You know this story
It was the first night that I consciously experienced a panic attack.
I am sure it happened in the past, but this was the first time I could track it and knew what was going on. I was trying to sleep because I taught in the morning, and fear just… ricocheted through my entire body. It felt like waves of frightened contractions from my skin to my muscles to my bone, from my feet up to my head. My thoughts whirled. My breath was shallow and sharp.
I used my breathing techniques, I told myself it was going to be okay, I tried to relax my legs and feet, I tried to write about it, but nothing worked. It went on for hours and hours. It was so uncomfortable that I just tossed and turned and tossed and turn, wide awake...

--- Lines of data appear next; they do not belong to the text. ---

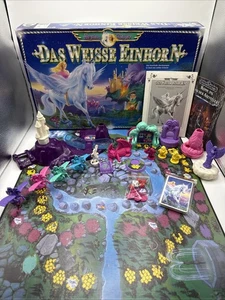 Das weisse Einhorn Brettspiel 1994 Gesellschaftsspiel Schmidt Spiele Vollständig - Bild 1 von 20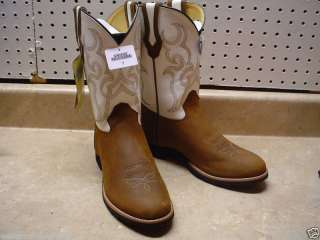 Smoky Mountain Western Cowboy Boots Ladies 5.5 Youth 4  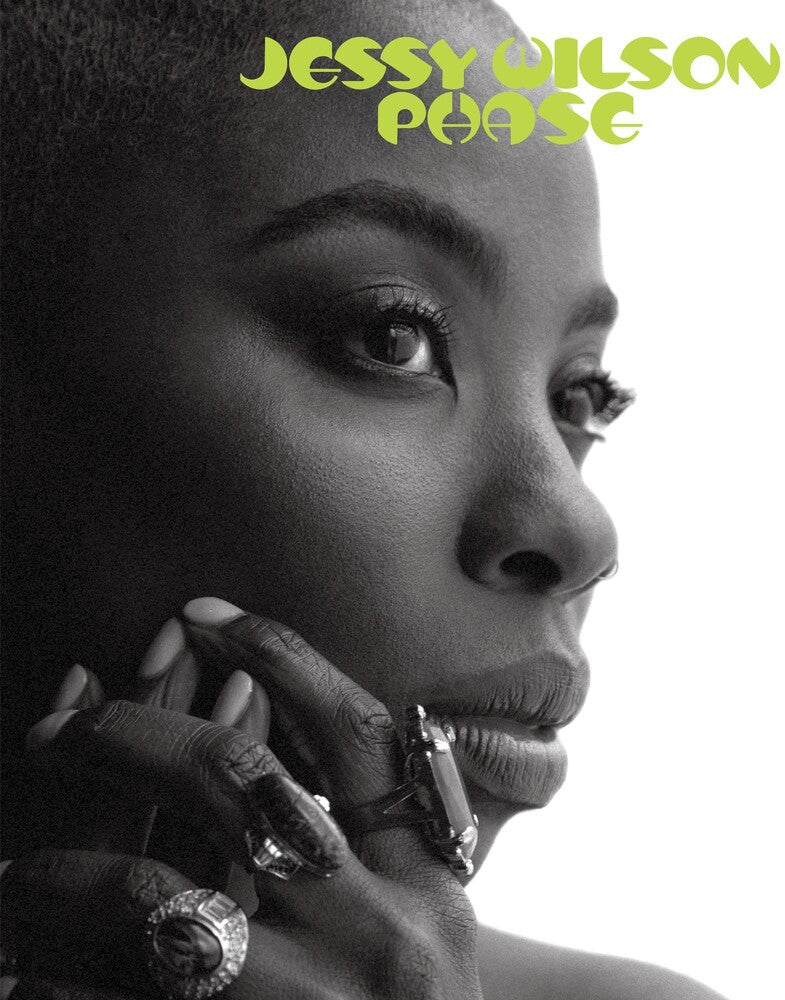 the album cover for Jessy Wilson - Phase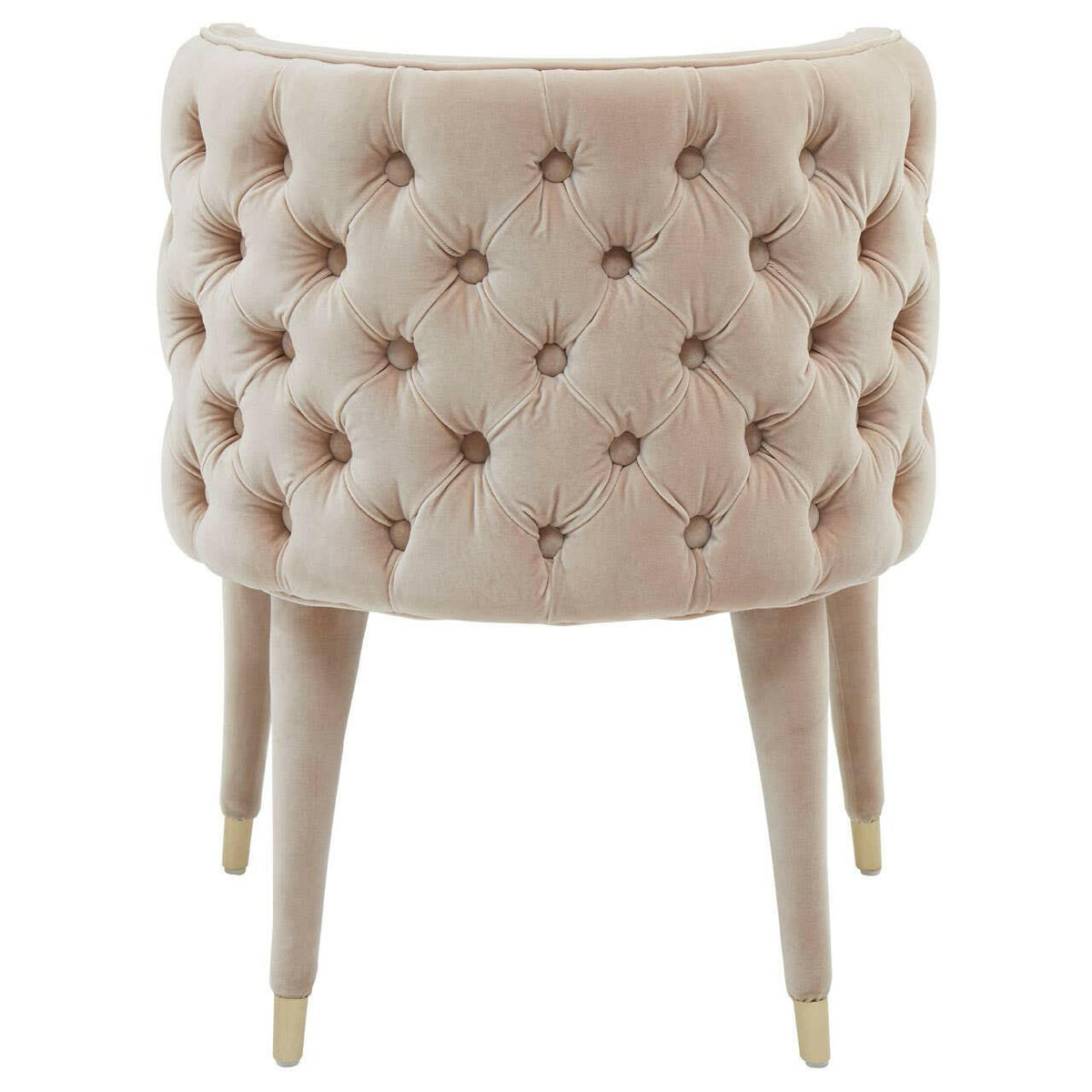 Villi Beige Feature Chair.
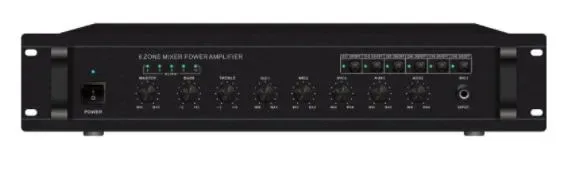 Ecomony 350W 6 Zone Mixer Amplifier ECX-6350 2
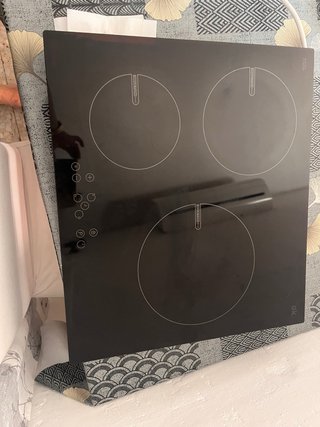 Placa de inducción OK.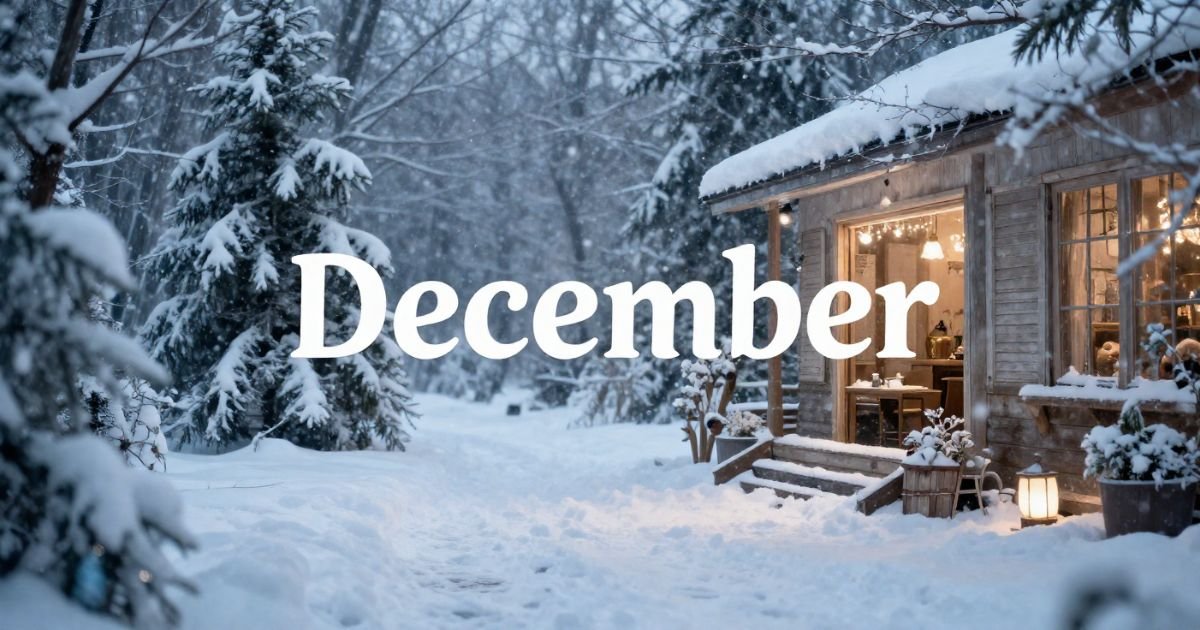 Inspirational December Quotes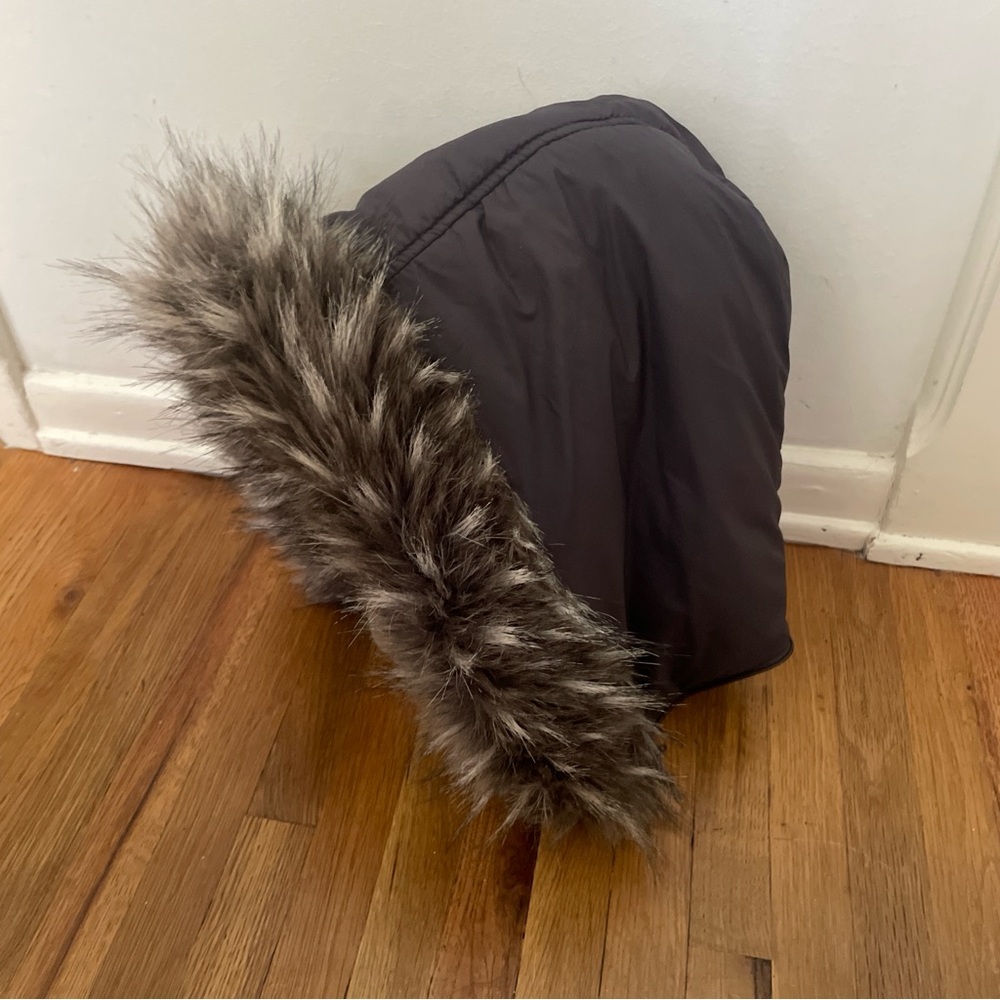 Larry Levine down feather winter coat - Picture 5 of 9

I'm a yogi, so it shouldn't be this hard, right?
Around 5 in the morning I texted a friend, then called her, and told her what was happening. I asked if she could teach for me that morning. She declined using some weak excuse. I understood. I mean who wants to teach on a Saturday morning? I showed up to teach, literally feeling the circles under my eyes, my energy still buzzing, and she showed up to take my class (wtf?). That should've been my first red flag. Friends don’t let friends have panic attacks at night and then say they can’t help out, and THEN come to the class to benefit themselves.
Almost a year later, I found out about some slimy things this “friend” was doing, specifically with the people I was having panic attacks about — ouch… I’ll spare you the rest of the details, because
you know this story.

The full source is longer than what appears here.